Problem to work on –
From the line containing "Peal, a skeleton hound with green ghost-fire" to the end of the data, retype every line exactly and nothing else. Drop the pictures.

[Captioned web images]

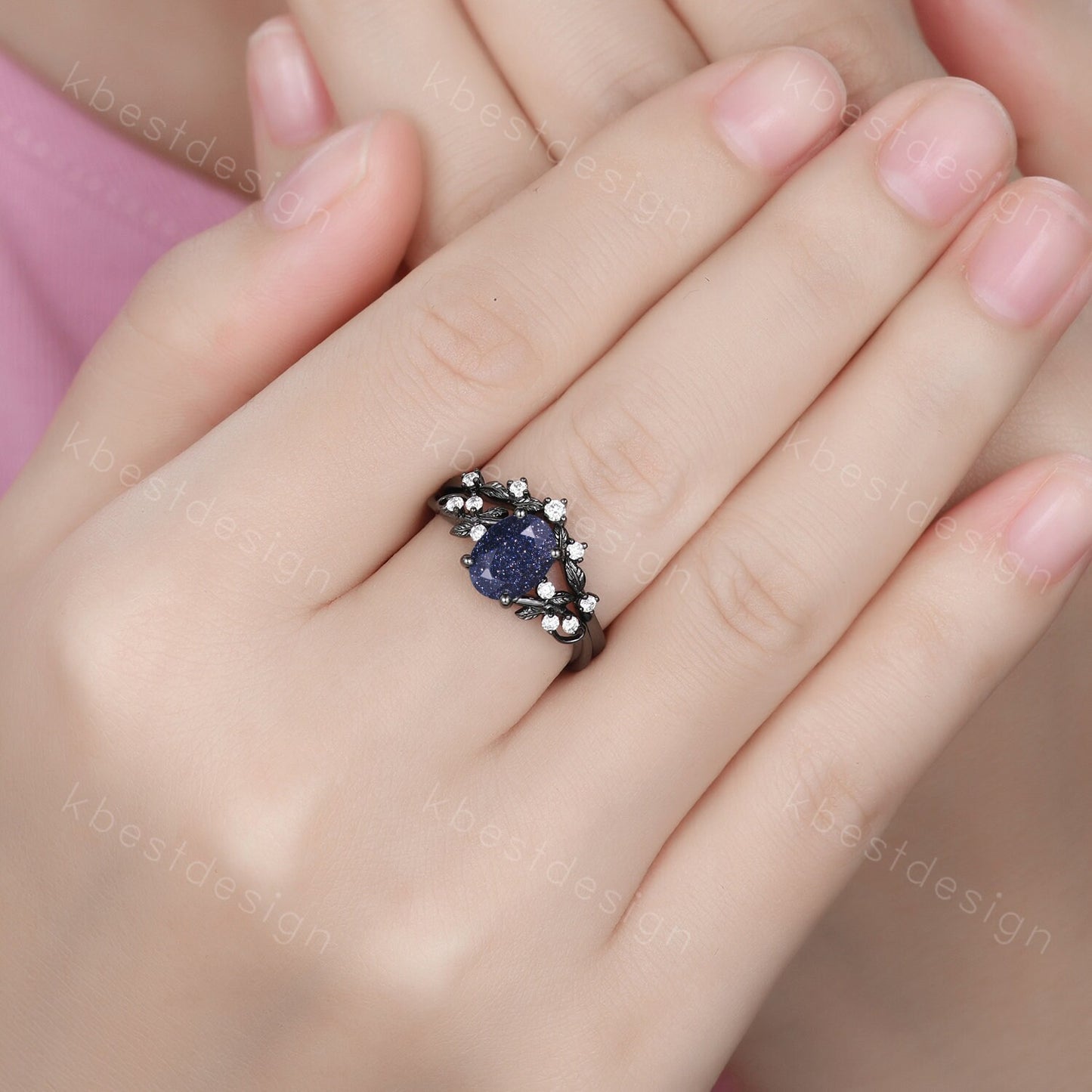 Vintage oval blue sandstone engagement ring set black gold twig leaf moissanite ring nature branch ring unique bridal wedding ring set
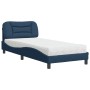 Bed with blue fabric mattress 90x200 cm by vidaXL, Beds and slatted bases - Ref: Foro24-3208512, Price: 312,24 €, Discount: %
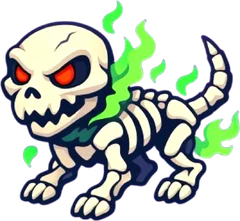 Peal, a skeleton hound with green ghost-fire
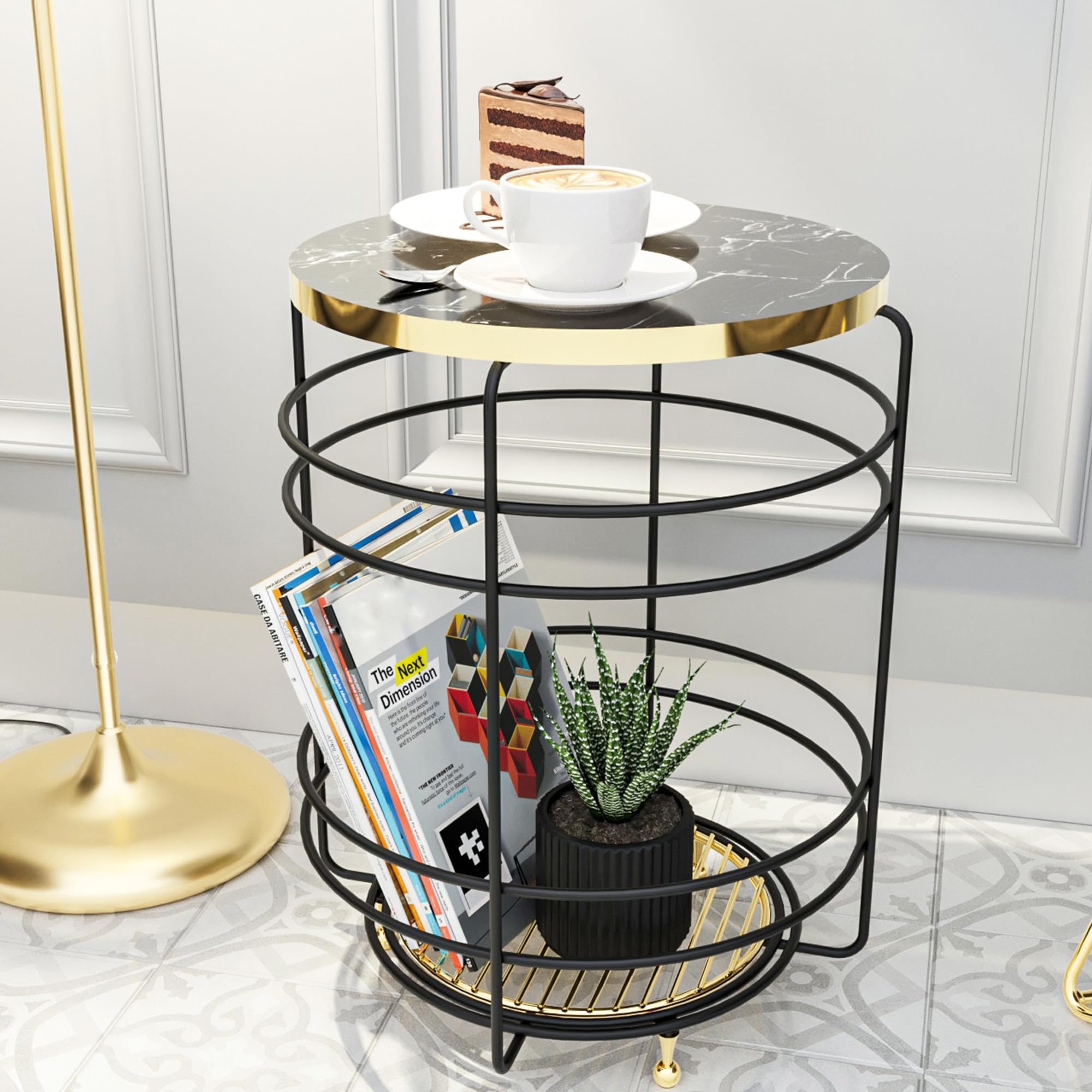 [en.casa] Table d'Appoint avec Panier de Rangement et Plateau Rond Bout de Canapé Table Basse Table de Chevet Métal Panneau de Particules 55 x 40 cm Effet Marbre Noir Or
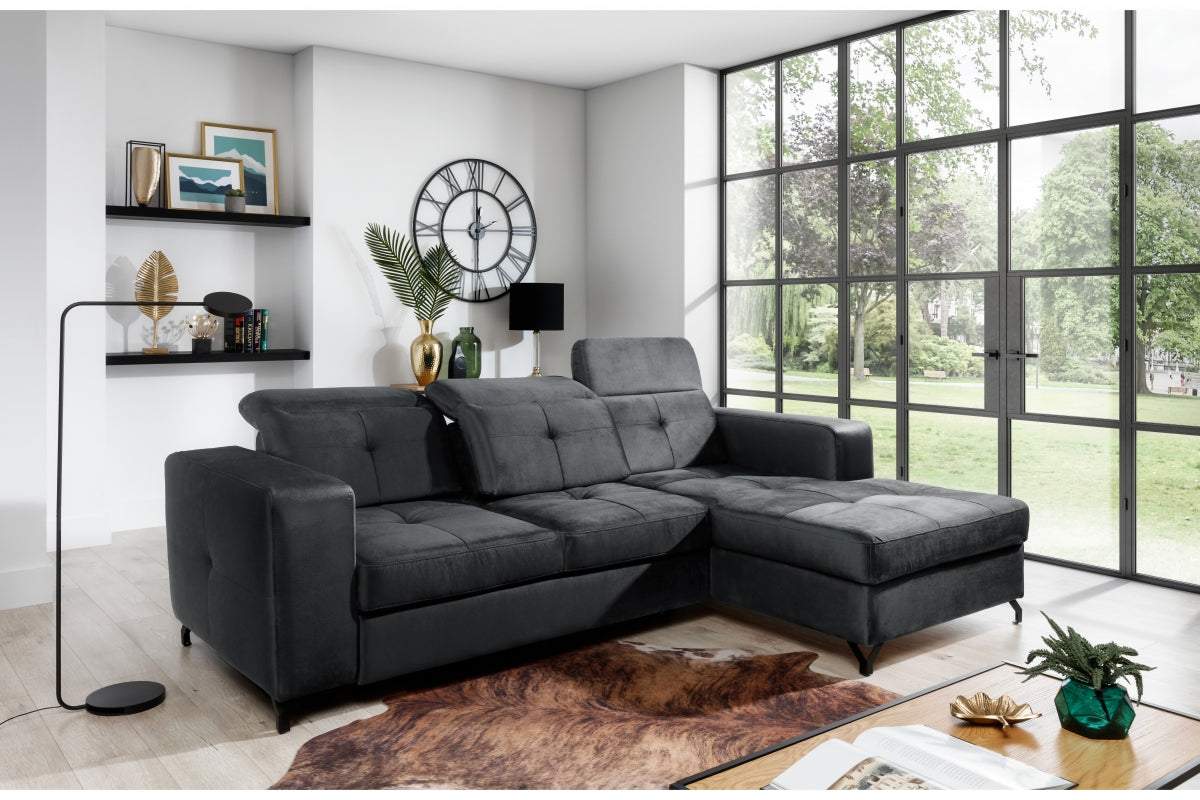 Canapé d'angle convertible en velours avec fonction couchage – Élégance et confort avec un design pratique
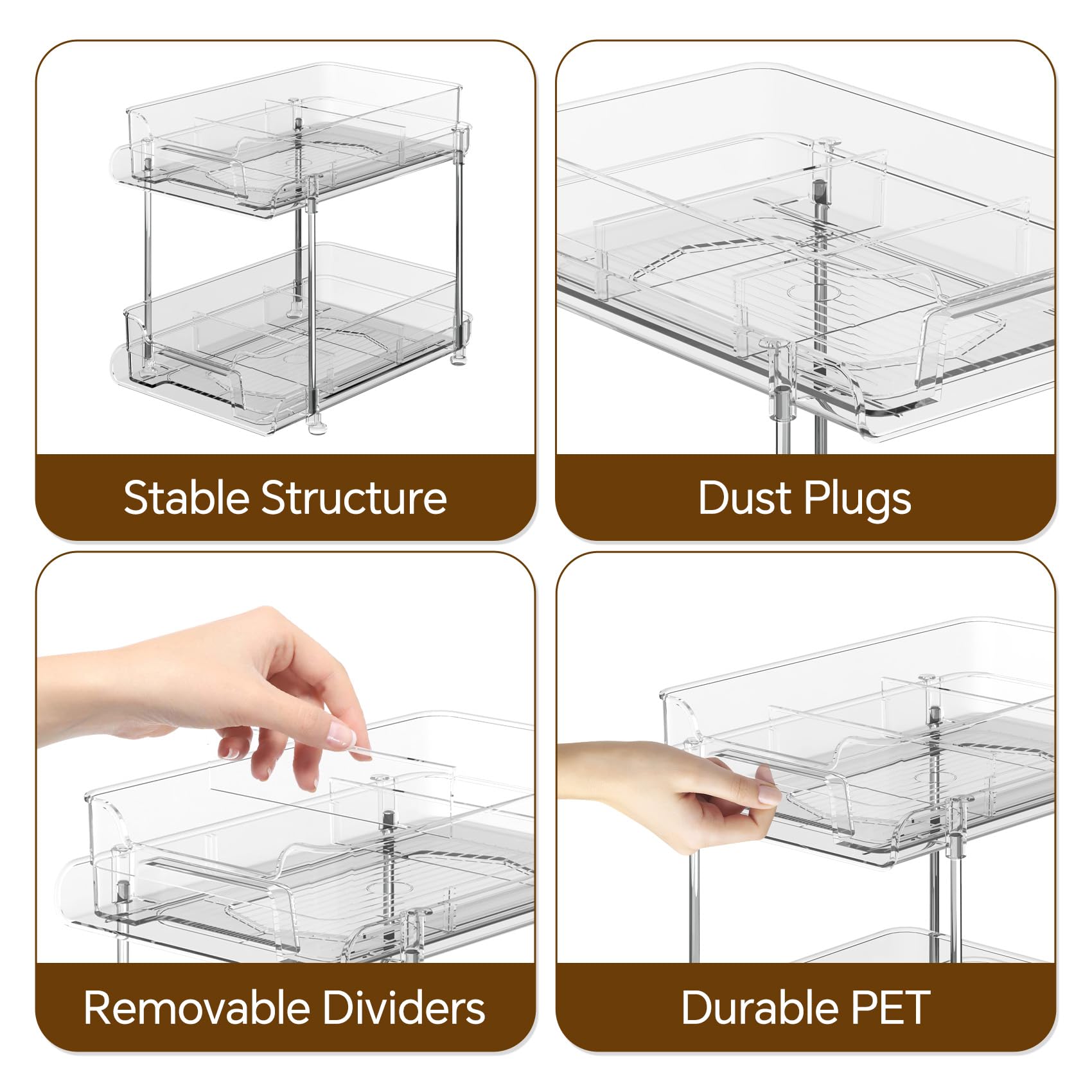 Under Sink Organizer, 2 Packs Bathroom Organizers and Storage,Stackable Multi-purpose 2 Tier Pull out Clear Medicine Cabinet Drawer Bins for Bathroom, Kitchen, Pantry, Closet, Countertop with Deviders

Response below –
 Peal, a skeleton hound with green ghost-fire
 [en.casa] Table d'Appoint avec Panier de Rangement et Plateau Rond Bout de Canapé Table Basse Table de Chevet Métal Panneau de Particules 55 x 40 cm Effet Marbre Noir Or
 Canapé d'angle convertible en velours avec fonction couchage – Élégance et confort avec un design pratique
 Under Sink Organizer, 2 Packs Bathroom Organizers and Storage,Stackable Multi-purpose 2 Tier Pull out Clear Medicine Cabinet Drawer Bins for Bathroom, Kitchen, Pantry, Closet, Countertop with Deviders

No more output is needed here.